What then does this mean: " a real presence but not a personal presence "?
And this unbelief betrays itself in a way still more serious, in what Mr. M. says a few lines farther on. " The one hundred and-twenty tongues of fire... had not together... the value of the dove which John saw descending on the well-beloved Son." Were then these one hundred-and-twenty tongues of fire really the Holy Ghost Himself?
And with what does this assertion connect itself?
" In Jesus alone dwells all the fullness "; " in him dwelleth all the fullness of the Godhead bodily." " The one hundred and-twenty tongues of fire... had not the value of the dove," etc.
Does Mr. M. think that this divine seal, put on Jesus as man " anointed with the Holy Ghost and with power," when He took His place with His own and began His public career, is the same thing as " the fullness which dwells in him bodily "? Is it when the Holy Ghost descended on Him, that the fullness of His deity began?

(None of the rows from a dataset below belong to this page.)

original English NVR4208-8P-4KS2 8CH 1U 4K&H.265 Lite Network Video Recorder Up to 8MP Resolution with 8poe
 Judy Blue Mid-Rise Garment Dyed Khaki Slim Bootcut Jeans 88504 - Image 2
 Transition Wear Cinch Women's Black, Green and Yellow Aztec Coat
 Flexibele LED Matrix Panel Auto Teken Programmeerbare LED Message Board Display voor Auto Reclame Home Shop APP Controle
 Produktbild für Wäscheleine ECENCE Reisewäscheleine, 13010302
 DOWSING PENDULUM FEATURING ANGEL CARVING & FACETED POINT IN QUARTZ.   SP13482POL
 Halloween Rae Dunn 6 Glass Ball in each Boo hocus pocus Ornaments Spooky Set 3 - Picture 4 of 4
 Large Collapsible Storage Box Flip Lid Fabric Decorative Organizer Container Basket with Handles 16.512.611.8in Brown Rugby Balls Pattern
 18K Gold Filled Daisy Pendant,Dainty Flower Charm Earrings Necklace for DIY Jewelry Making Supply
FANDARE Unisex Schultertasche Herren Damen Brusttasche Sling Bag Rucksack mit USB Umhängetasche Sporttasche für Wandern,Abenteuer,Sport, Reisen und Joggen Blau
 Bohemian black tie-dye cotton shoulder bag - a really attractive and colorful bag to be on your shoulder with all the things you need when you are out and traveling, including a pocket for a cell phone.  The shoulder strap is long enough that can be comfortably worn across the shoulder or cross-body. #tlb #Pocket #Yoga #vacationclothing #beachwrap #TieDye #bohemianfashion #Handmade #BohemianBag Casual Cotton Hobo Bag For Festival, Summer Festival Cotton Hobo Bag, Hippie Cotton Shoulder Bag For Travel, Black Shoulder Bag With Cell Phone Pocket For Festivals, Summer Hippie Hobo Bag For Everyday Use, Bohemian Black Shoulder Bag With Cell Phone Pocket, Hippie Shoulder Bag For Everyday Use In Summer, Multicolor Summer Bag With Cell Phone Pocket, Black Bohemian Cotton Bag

And if that is not what it means, what connection is there between these things? Was it the personal presence of the Holy Ghost in Jesus which constituted in Him the fullness of the Deity? If not, the contrast which Mr. M. establishes on this point between Him and His disciples has no value.
Jesus as man was sealed by God the Father; but He was God manifested in the flesh, which is quite another thing. There is a difference in the manner of the presence of God. Christ was God incarnate. The Holy Ghost, even if we look on Him as God, only dwells in us. He does not become man so as to unite humanity to His Person. And, if we recognize the Holy Ghost as a Person and as God, what do these words mean: " the one hundred-and-twenty tongues of fire had not the value of the dove "?
This is true, that the manifestation of the Holy Ghost in Christ, who did not lift up " his voice in the streets," was different from the manifestation of the Holy Ghost in the disciples, who were to proclaim abroad from the housetops what He said to them in the ear. Christ was more the object, the disciples were more the messengers, of the faith which condemns the world which has rejected Jesus. But to speak of the comparative value of the Holy Ghost in Jesus and in His disciples is first of all to confound the Person of Jesus with the seal of the Holy Ghost; then it is to confound the Holy Ghost with the manifestations of His presence.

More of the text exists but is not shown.